My mother comes upstairs at the sound of crying. She sees me holding my sobbing sister and she doesn’t have to ask. She remembers this scene. As do I. Except it was Anna and I, five years ago. Without a word she goes back downstairs and makes some cups of cocoa and a plate of cookies. I coax Sophie downstairs. Once we are downstairs Mom gives her a hug and they go sit on the couch. I follow, unsure of what to do.

We sit with her for a couple of hours. She cries herself out and eventually just falls asleep in my mother’s lap. Its two AM when my mother sends me home.

“There is nothing else to do for a broken heart,” she says.

I don’t want to go home, though I am sure that Mr. Samson is no longer at “The Wilford and Brimley.” Even though I’m sure he isn’t there any longer I decide to go for a drink anyway. I could use one after everything that has been happening recently.

On the drive I listen to a mixed CD that a friend made me. It is a list of break-up songs. Angry songs, sad songs, wish I could die songs. Her heart was in the right place, but I wish she hadn’t made it. I do enjoy some of them. Some of them fit David and I. And when I hear it I think about everything and I get teary. Like the one playing now. It is by a Korean artist.

“I’m drowning myself in the memories of love…” That sounds about right.

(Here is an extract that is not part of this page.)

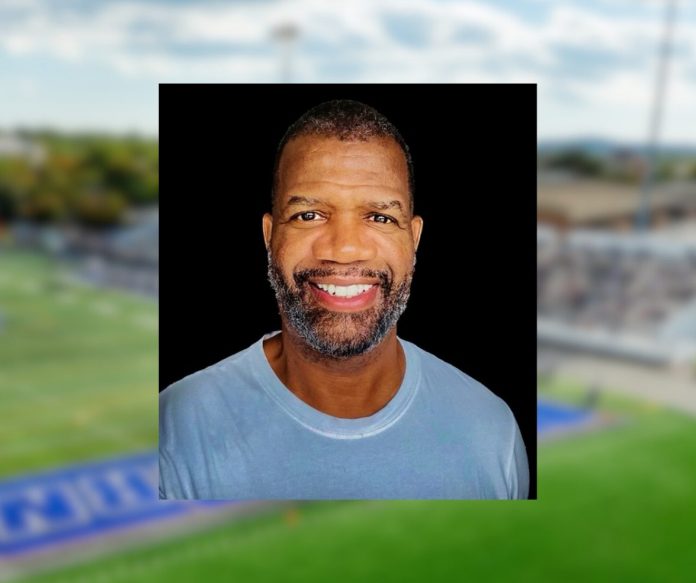 Rob Parker, a 1986 Southern Connecticut State University graduate and national sports analyst, smiling against a black background, with a blurred football field in the backdrop.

When I arrive at the bar Rihanna is singing about the theatrics of an ex. I don’t hesitate to turn it off. I can’t handle any more sad songs. Right now I couldn’t handle a love song either. I need angry music. Maybe when I get home I’ll listen to Apocalyptica, they are usually what I need for angry cello music.

Without paying attention, still musing on break-up songs and other such topics, I almost walk right by Mr. Samson. I look up and am met with his lavender eyes, sparkling like they were in the gymnasium.

“I am surprised you are still here,” I say, looking down at my watch. It’s a quarter to three. Almost two hours after we were supposed to meet.

“A beautiful lady is worth waiting for.” He says.